• **PROBLEM**
Only the lines from the one containing "Car image 16" through the end of the material should be printed, exactly as they appear. Leave out pictures.

• **RECORDS TO USE**
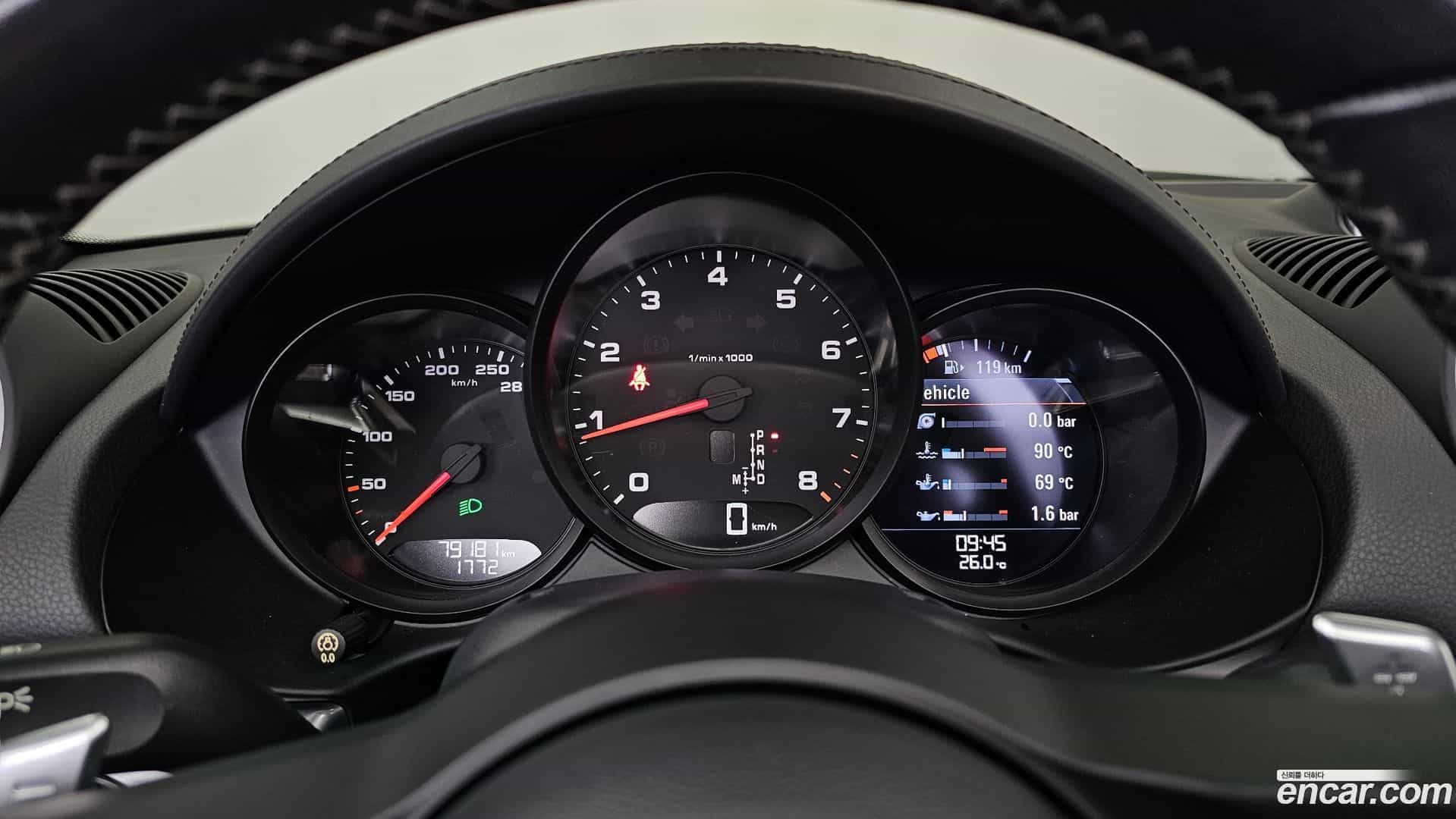 718 Porsche 2019.11-INNER-008
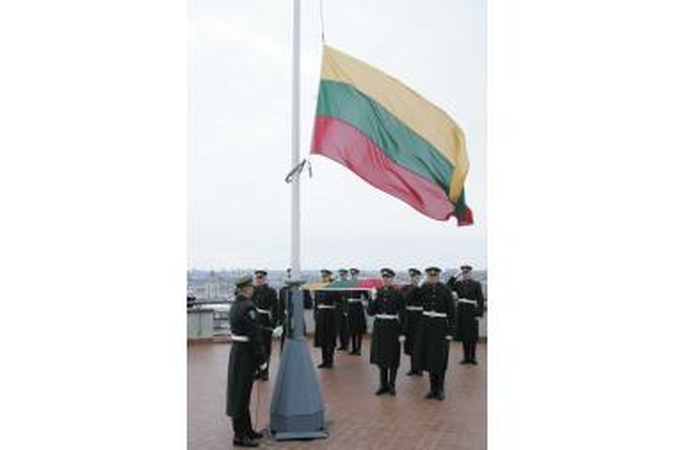 Sausio 1-ąją sostinėje – jubiliejinė vėliavos pakėlimo ceremonija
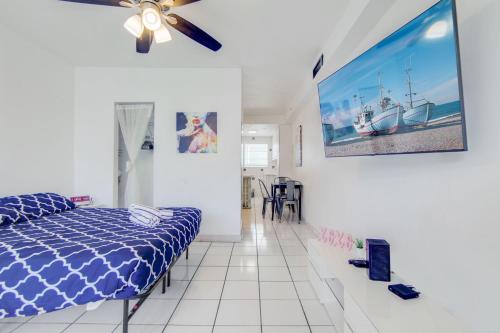 ein Schlafzimmer mit einem Bett und einem Gemälde an der Wand in der Unterkunft Sunny Ocean Dr Condo, w/2 Queen Beds, South Beach in Miami Beach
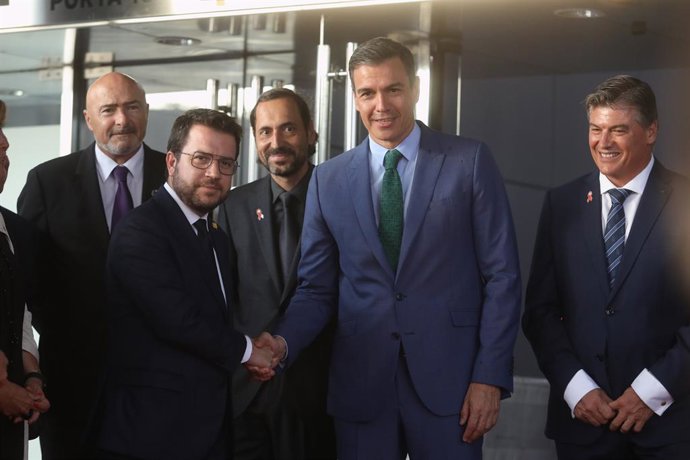 El president de la Generalitat, Pere Aragons, i el president del Govern, Pedro Sánchez, se saluden a la seva arribada als Premis Pimes de Pimec en el Camp Nou al costat del president de Pimec, Antoni Cañete.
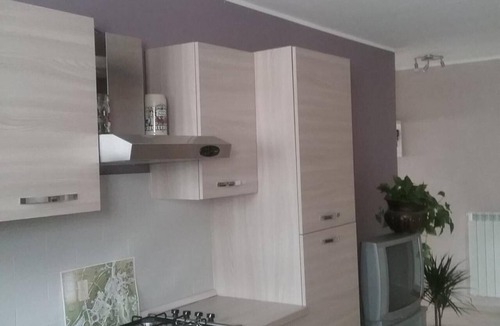 Castel di Sangro Apartment | Apartment 'I Tre Noci 2' with Mountain View, Shared Terrace and Wi-Fi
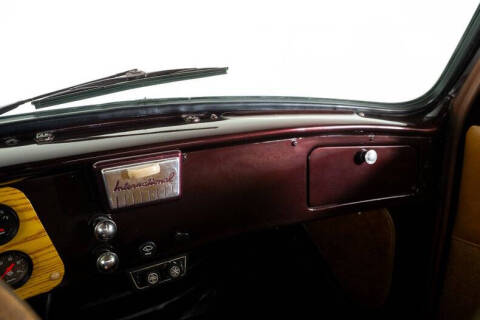 1954 International R100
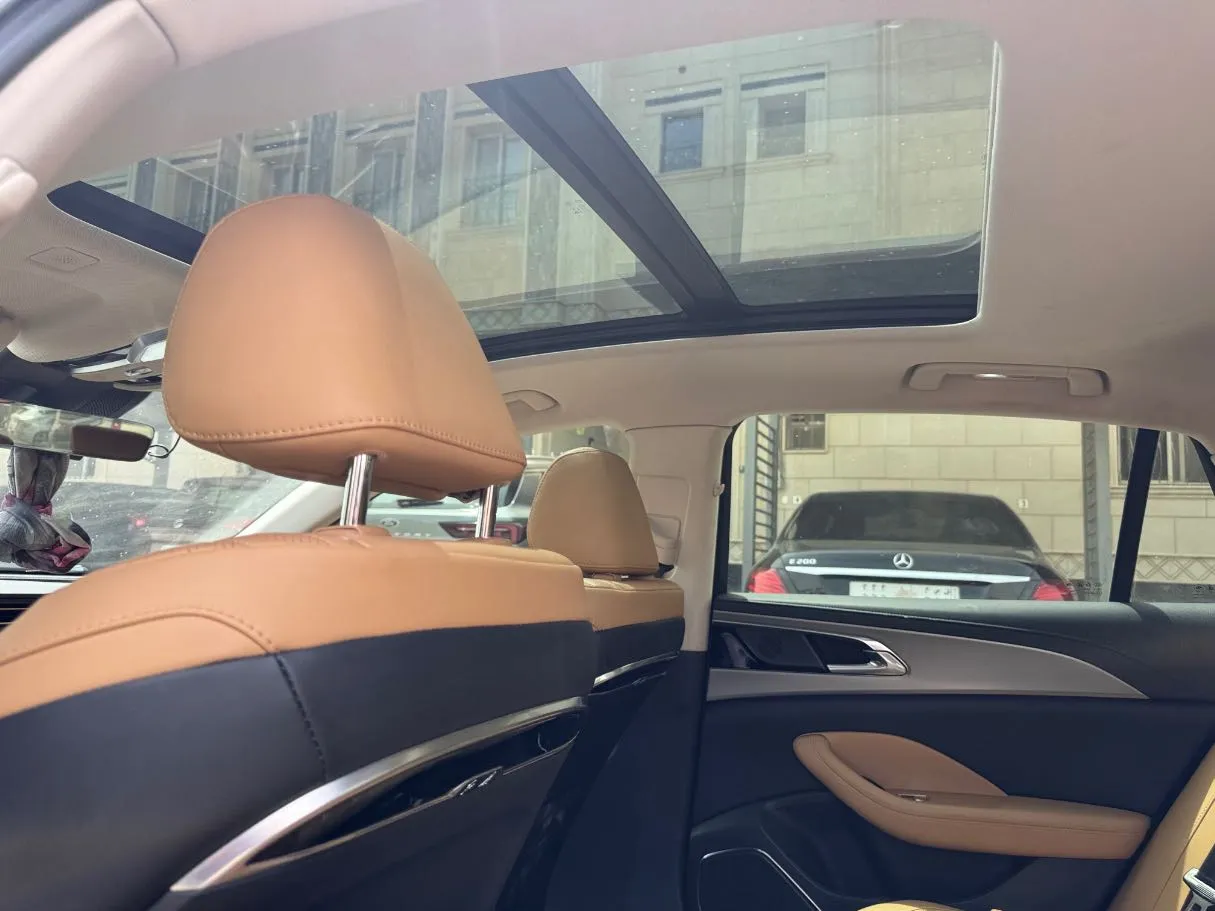 Car image 16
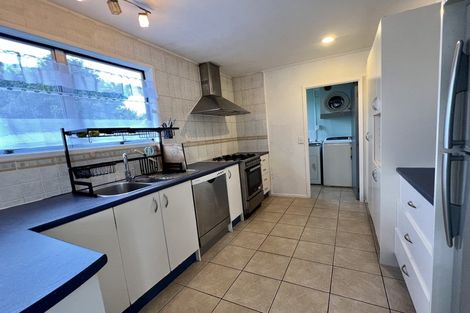 Photo of property in 31 Lyren Place, Half Moon Bay, Auckland, 2012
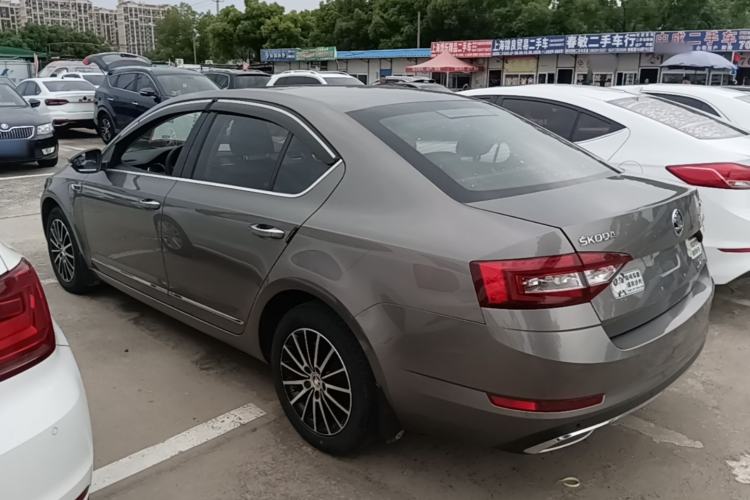 Used Skoda Octavia 2019 1.5L Automatic Luxury Edition Rear Left 45 Deg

• **FINISHED EXERCISE**
 Car image 16
 Photo of property in 31 Lyren Place, Half Moon Bay, Auckland, 2012
 Used Skoda Octavia 2019 1.5L Automatic Luxury Edition Rear Left 45 Deg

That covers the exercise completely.